Material for this task:

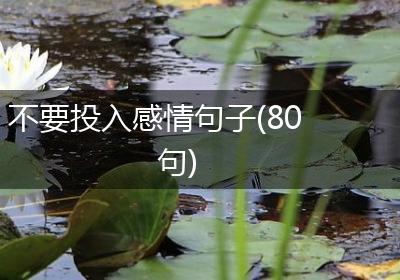 不要投入感情句子(80句)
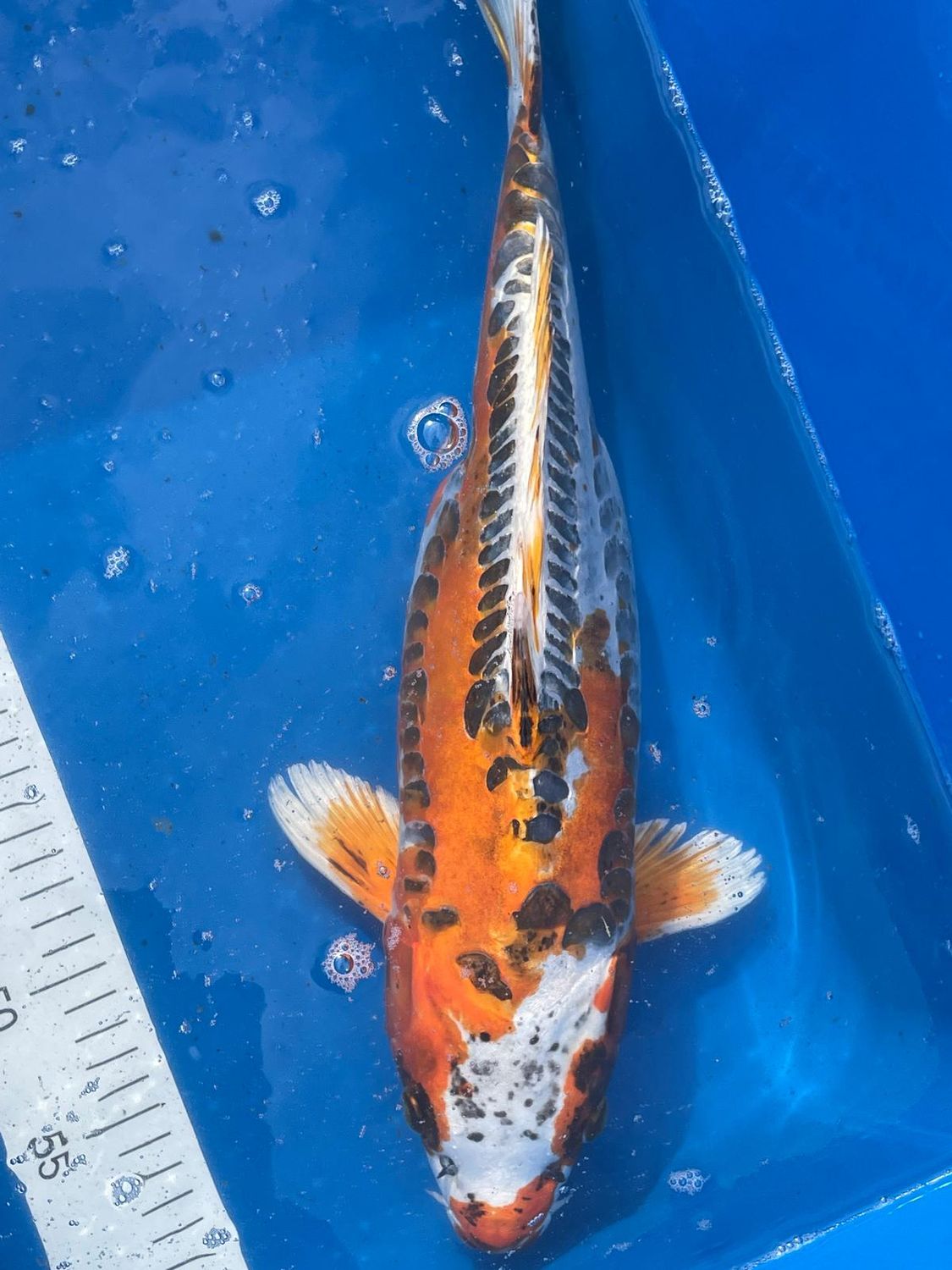 Karp Koi Benikikokuryu 44cm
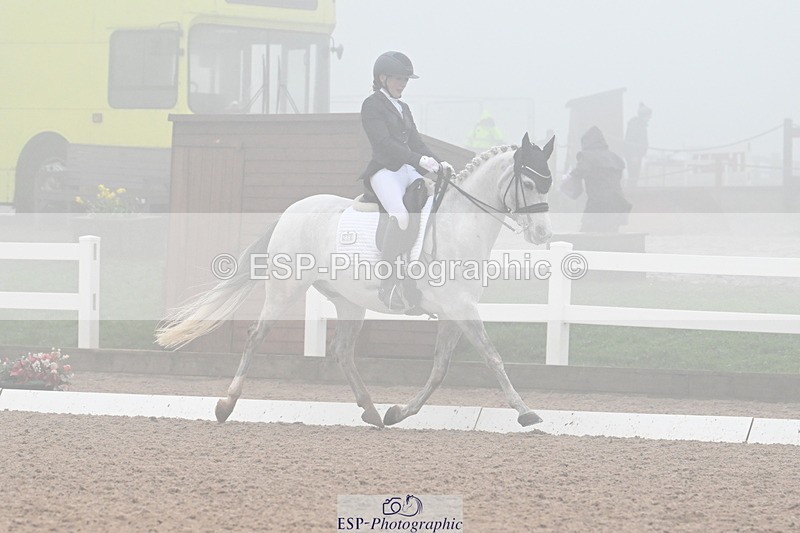 240217A-142611-03593 - 238-Josephine.Fenton-Kashan.Maheer.Ibn.Montroze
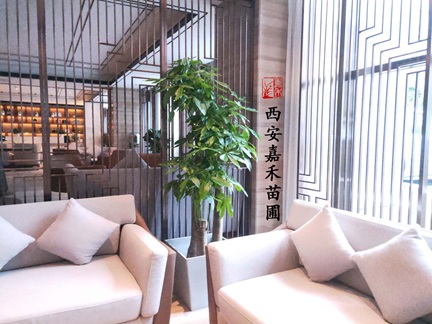 秋冬季節,3種花需要“懶養”,澆水越多越爛根,管住手!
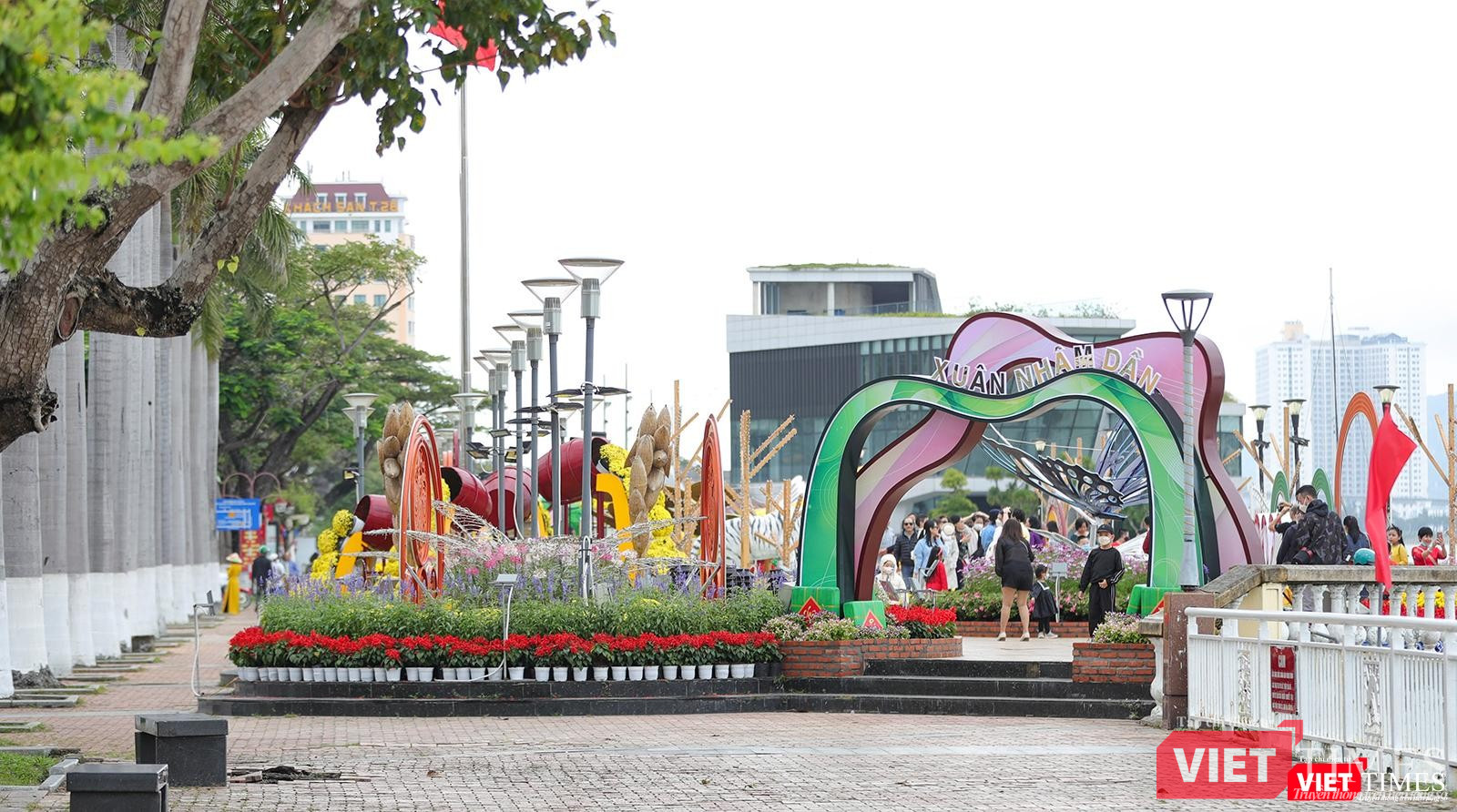 Một góc đường hoa Xuân Bạch Đằng trước cầu chữ T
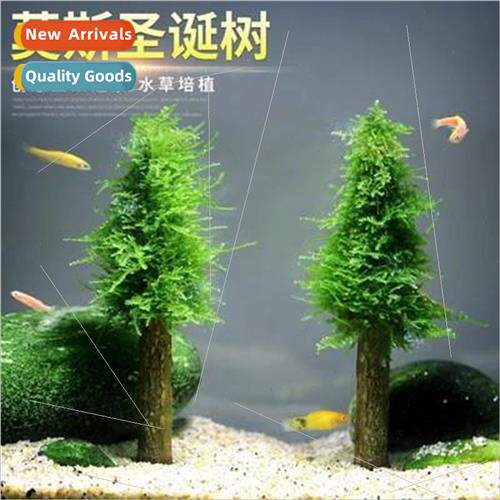 Thousand Rui Christmas Tree Moss Tree Submerged Moss Skeleto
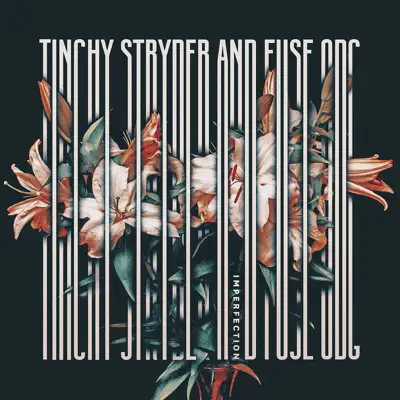 Imperfection - Single (feat. Fuse ODG) - Single - Tinchy Stryder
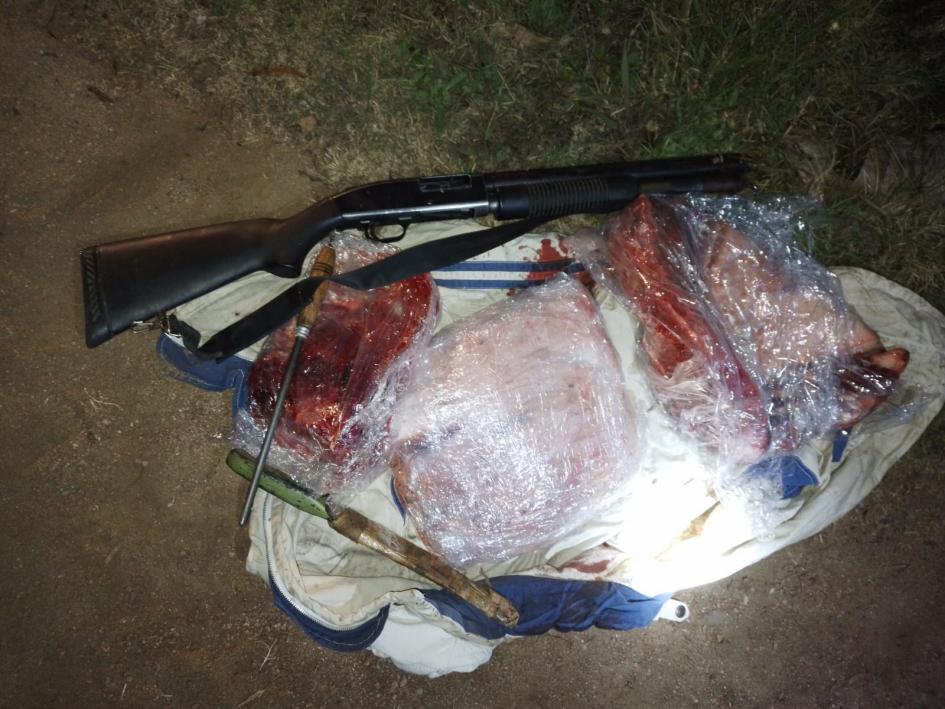 Arma y carne incautada Arma y carne incautada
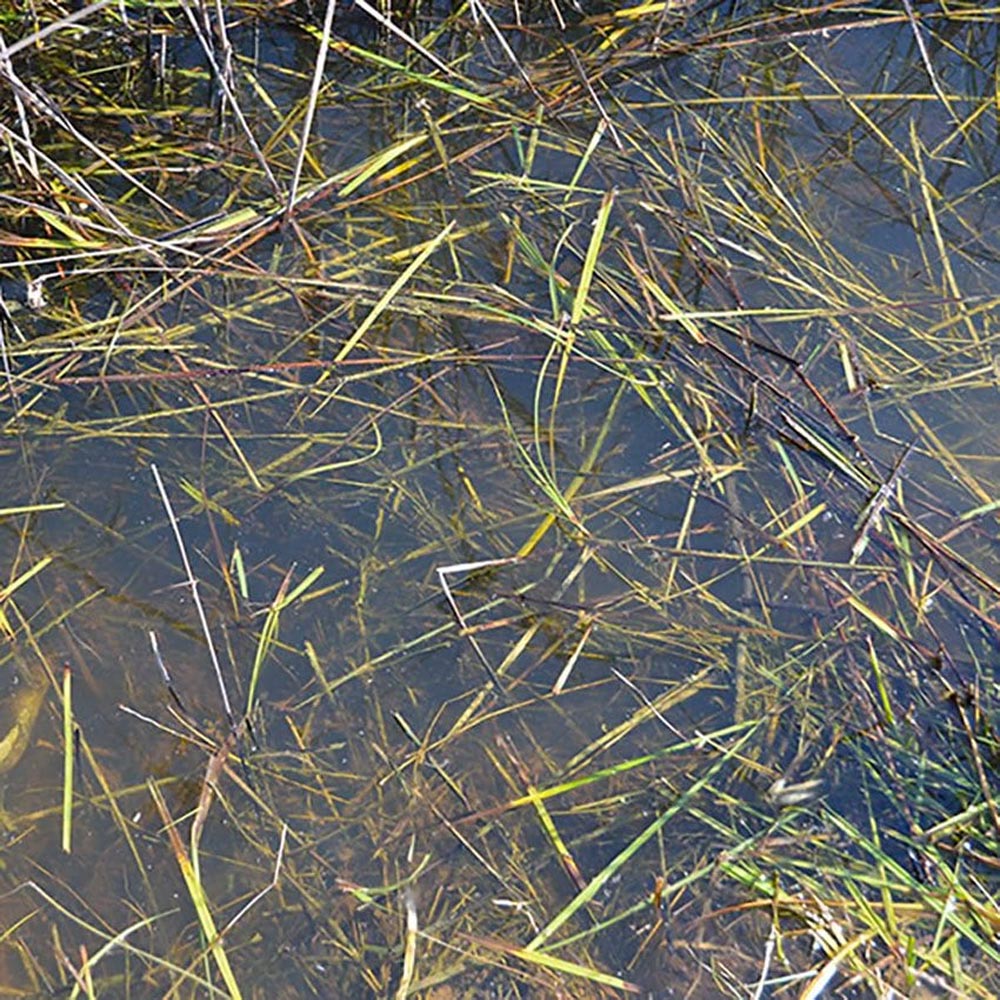 AK Interactive 8008 Diorama: Still Water Self-Levelling Liquid 250ml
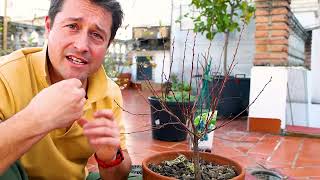 Do This to a New Fruit Tree Sapling! - Making the Scaffold Prune
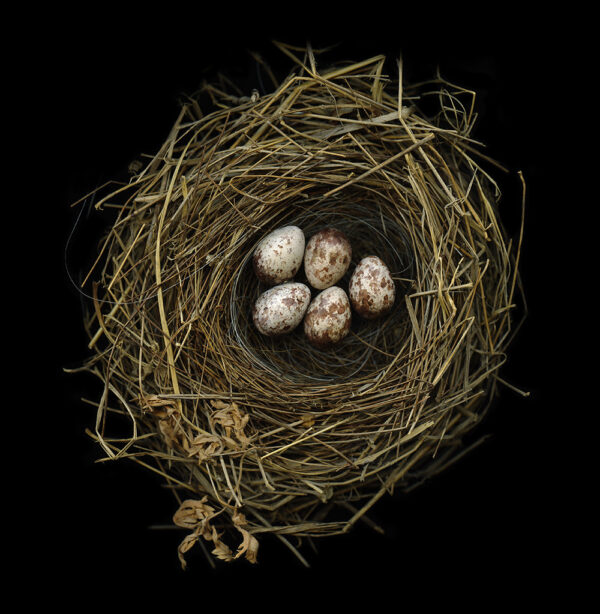 Rufous-backed Bunting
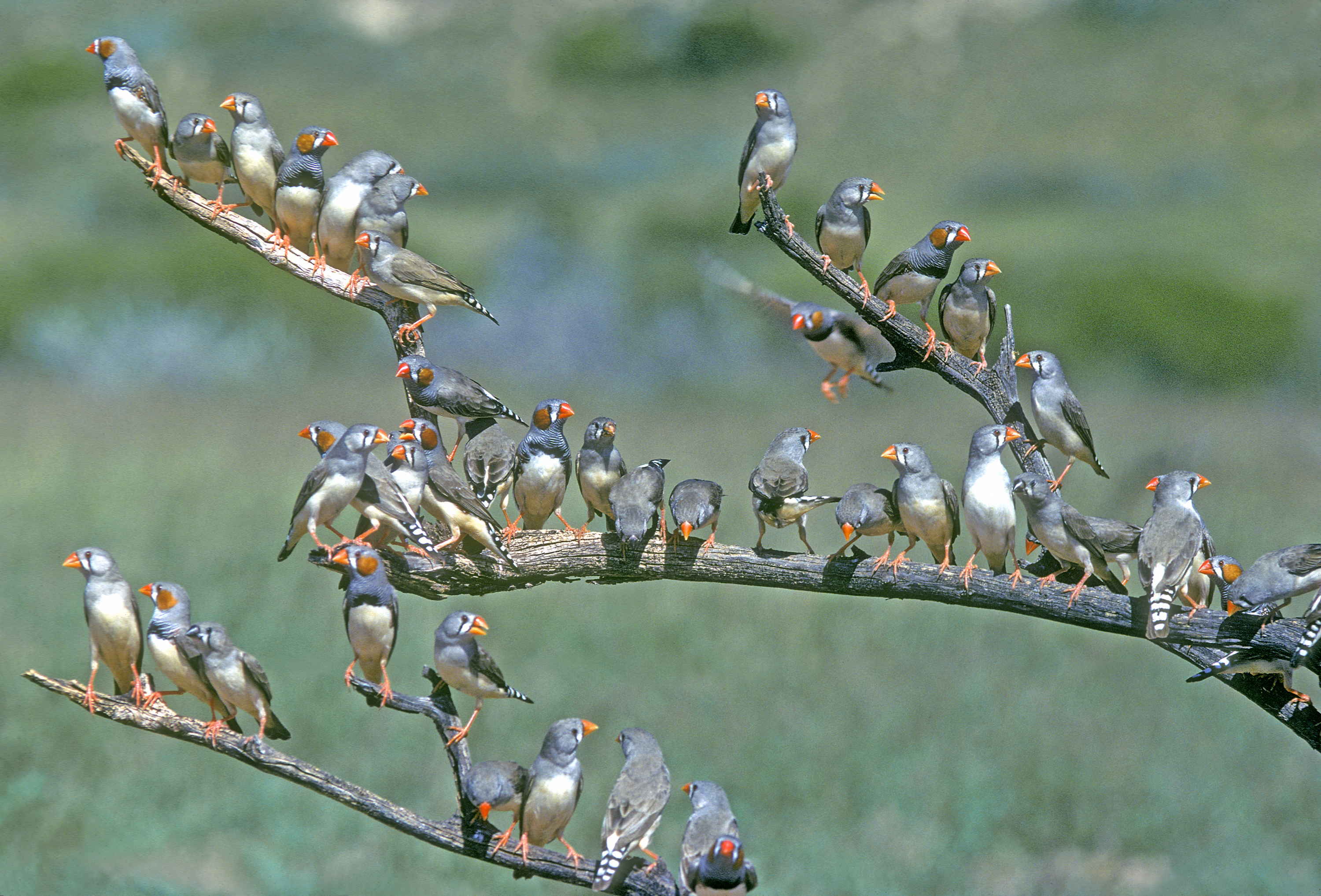 Zebra finch study suggests evolutionary roots of "cuddle hormone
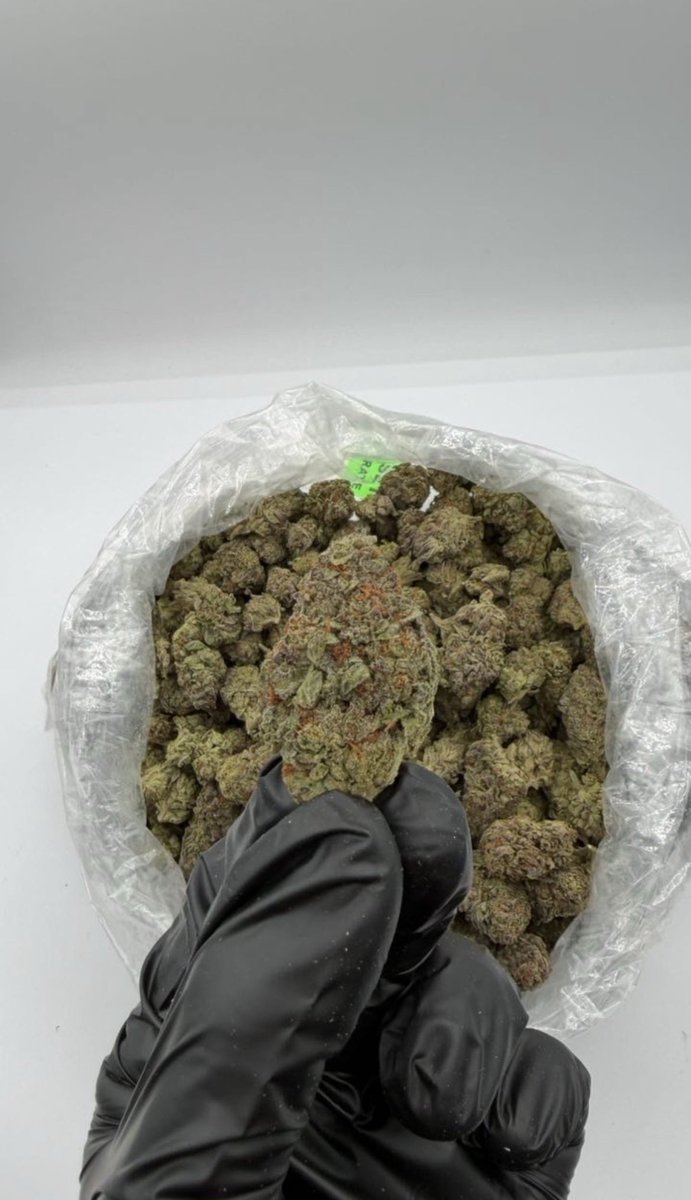 D420plug tweet picture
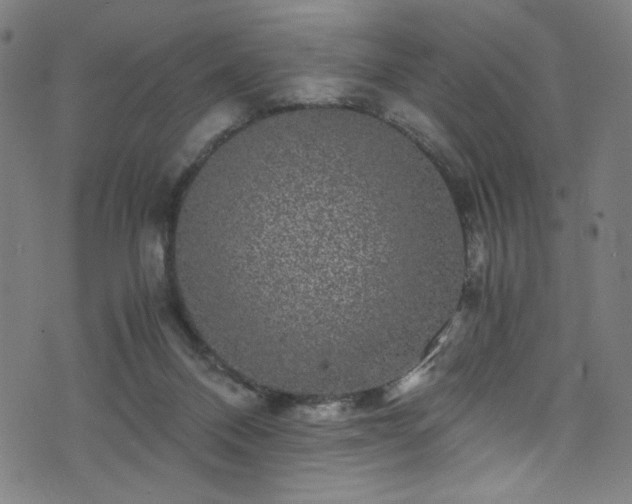 X0000076270120200610051320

Task instructions: Copy all the lines of data exactly as they appear, dropping any images.

Response box:
 不要投入感情句子(80句)
 Karp Koi Benikikokuryu 44cm
 240217A-142611-03593 - 238-Josephine.Fenton-Kashan.Maheer.Ibn.Montroze
 秋冬季節,3種花需要“懶養”,澆水越多越爛根,管住手!
 Một góc đường hoa Xuân Bạch Đằng trước cầu chữ T
 Thousand Rui Christmas Tree Moss Tree Submerged Moss Skeleto
 Imperfection - Single (feat. Fuse ODG) - Single - Tinchy Stryder
 Arma y carne incautada Arma y carne incautada
 AK Interactive 8008 Diorama: Still Water Self-Levelling Liquid 250ml
 Do This to a New Fruit Tree Sapling! - Making the Scaffold Prune
 Rufous-backed Bunting
 Zebra finch study suggests evolutionary roots of "cuddle hormone
 D420plug tweet picture
 X0000076270120200610051320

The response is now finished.